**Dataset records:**
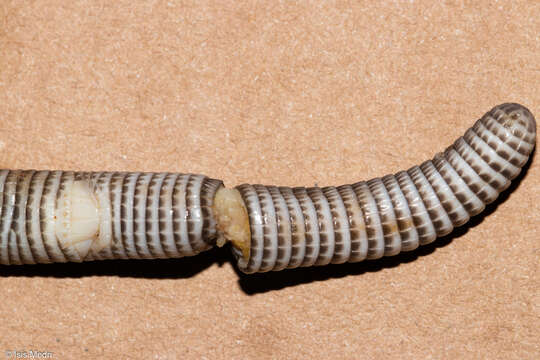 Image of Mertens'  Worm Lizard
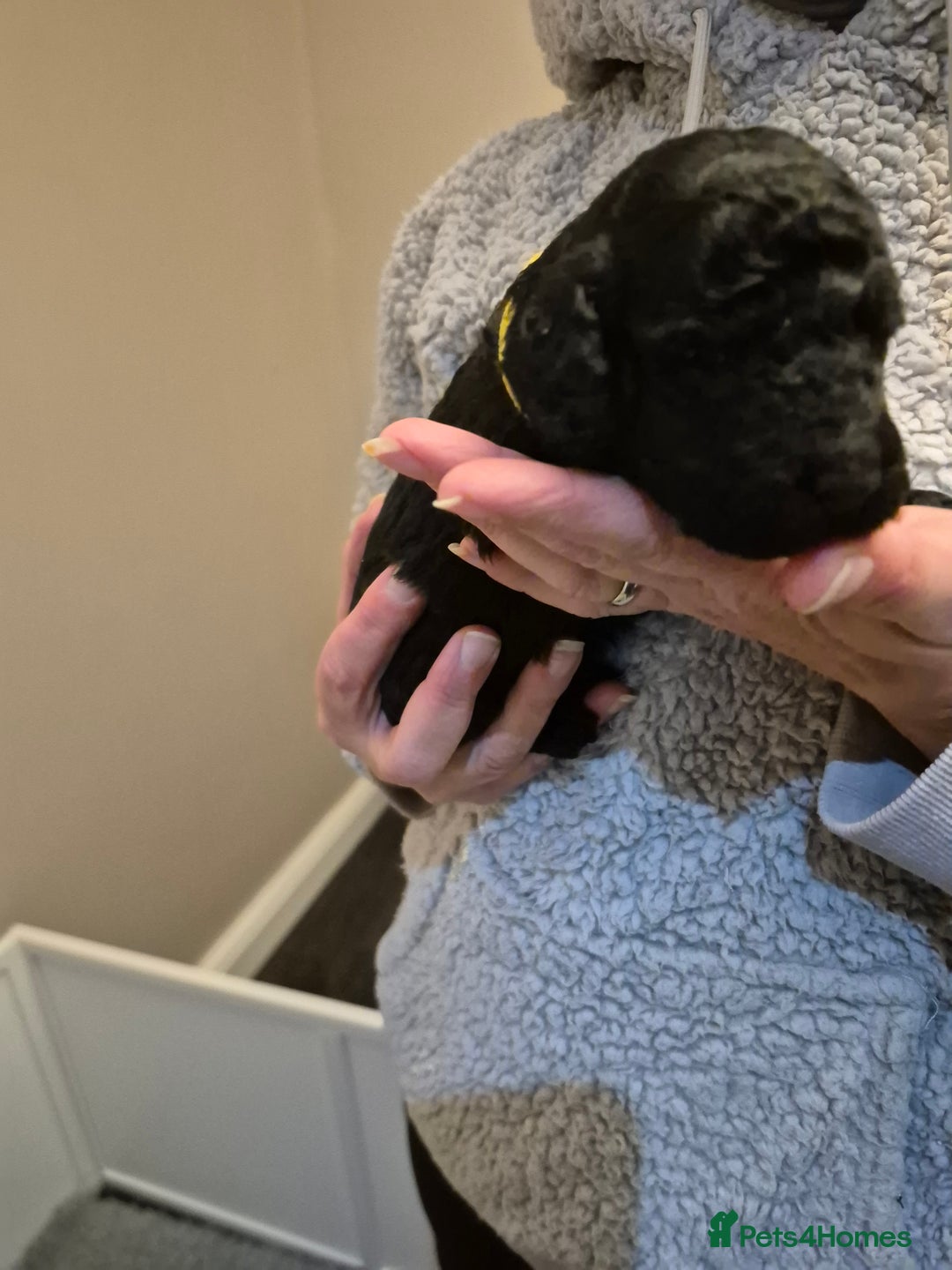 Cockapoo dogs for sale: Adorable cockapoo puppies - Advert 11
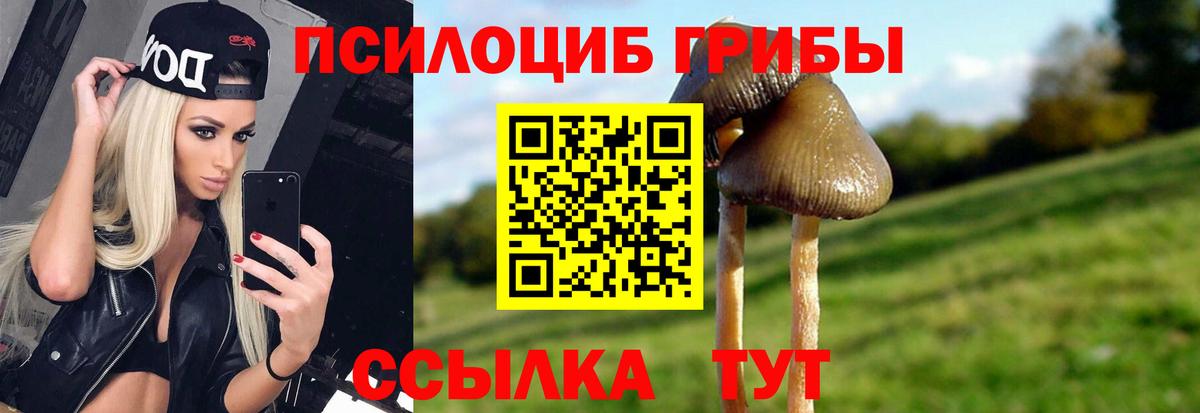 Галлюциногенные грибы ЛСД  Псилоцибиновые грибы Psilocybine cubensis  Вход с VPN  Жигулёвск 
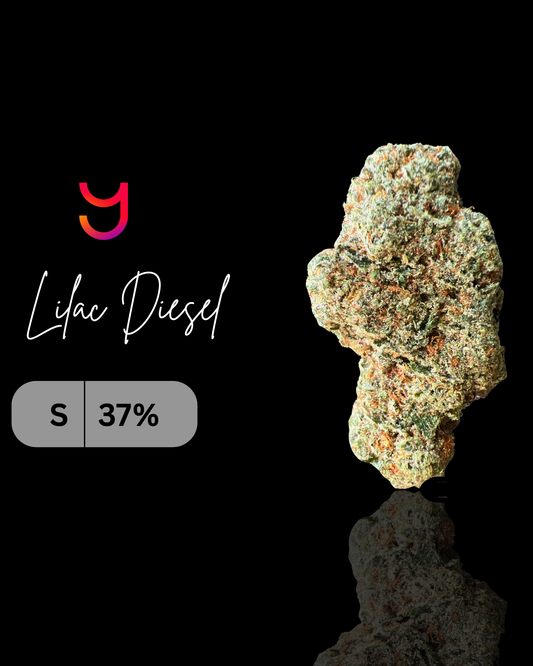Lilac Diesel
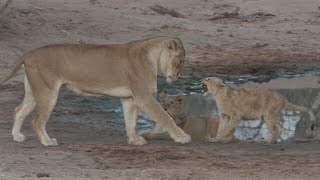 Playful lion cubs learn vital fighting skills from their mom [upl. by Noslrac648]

**Work task:** Set down every entry word for word, but omit the pictures.

**Task solution:**
 Image of Mertens'  Worm Lizard
 Cockapoo dogs for sale: Adorable cockapoo puppies - Advert 11
 Галлюциногенные грибы ЛСД  Псилоцибиновые грибы Psilocybine cubensis  Вход с VPN  Жигулёвск 
Lilac Diesel
 Playful lion cubs learn vital fighting skills from their mom [upl. by Noslrac648]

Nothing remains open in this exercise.